The PL50 has survived the last couple of years quite well, only beginning to show it's age in the last month or so. The once pristine detailing has started to flake making the camera look a little shabby. But the major problem we've encountered is that the lens cover is now a little stiff and doesn't always open when the camera is switched on. At the present this doesn't present an insurmountable problem, as a tap with the finger is enough to persuade it to open, but I would imagine there will be a time in the not so distant future when this may not be enough. So if you are buying this second hand I would suggest switching it on and off a few times before buying it in case it has the same problem.
Although I'm beginning to feel that the battery is coming to the end of it's life span it is still able to hold it's charge. Should it start losing that ability then replacements are still available on such websites as Amazon.

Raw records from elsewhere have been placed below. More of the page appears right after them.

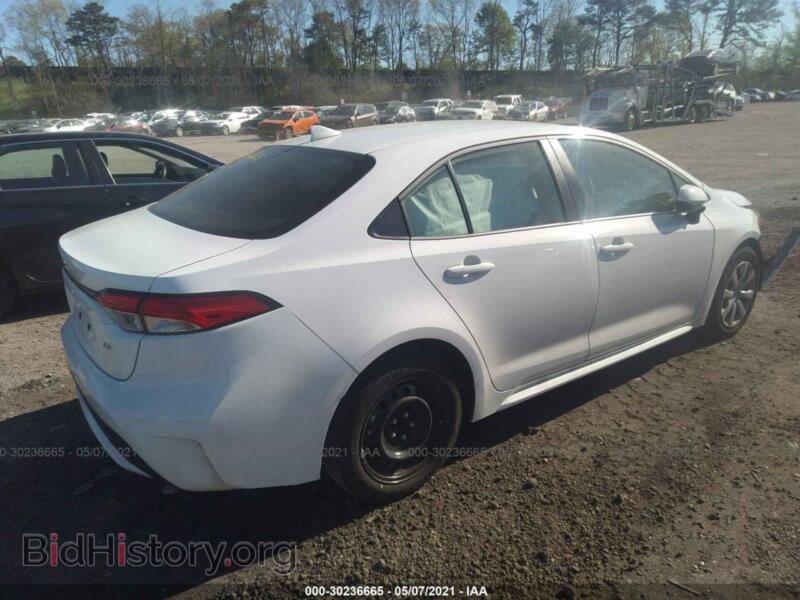 2021 Toyota COROLLA (VIN JTDEPMAE1MJ152601) — фото 4 из 12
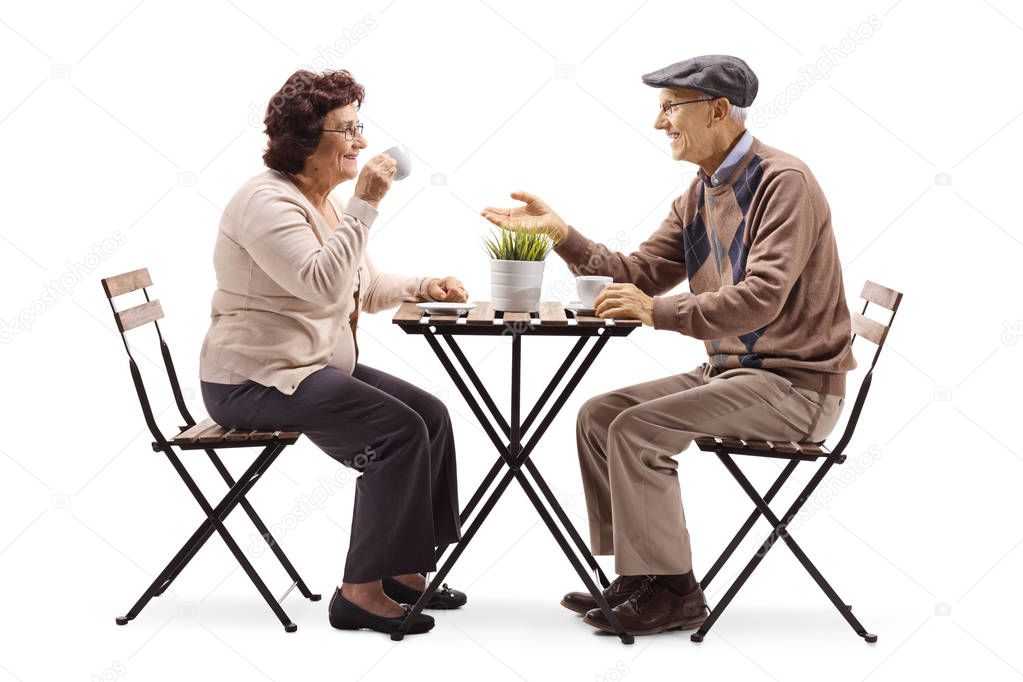 Full length shot of a senior man and woman drinking coffee and talking isolated on white background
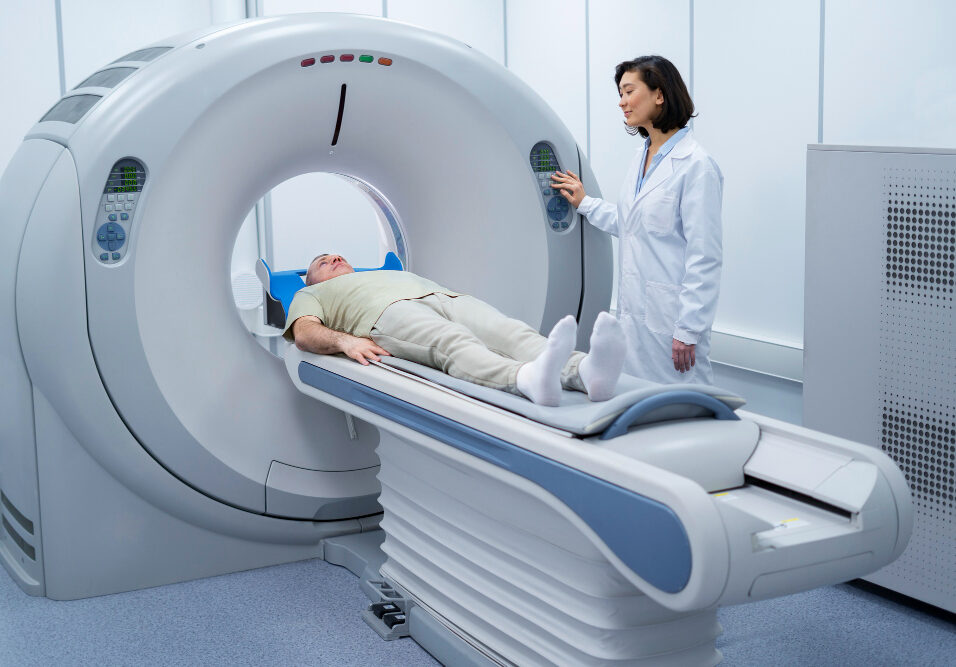 Doctor performing a CT scan on a patient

Although in no way perfect, the Samsung PL50 is not a bad camera for those that simply wish to take snapshots. It is an easy camera to use and reasonable results can be achieved when using the automatic settings. It is, however, possible to change many of the settings, but I find this disproportionately fiddly for the improvements reached. As this is no longer available new, I can't recommend you buy it as such, but as a second hand camera at around the £40 mark, it's really not at all bad and would make a good camera for someone who wishes to own a digital camera but doesn't want to bother with all the settings.
Summary: Was a pretty good camera for it's time, superceeded now.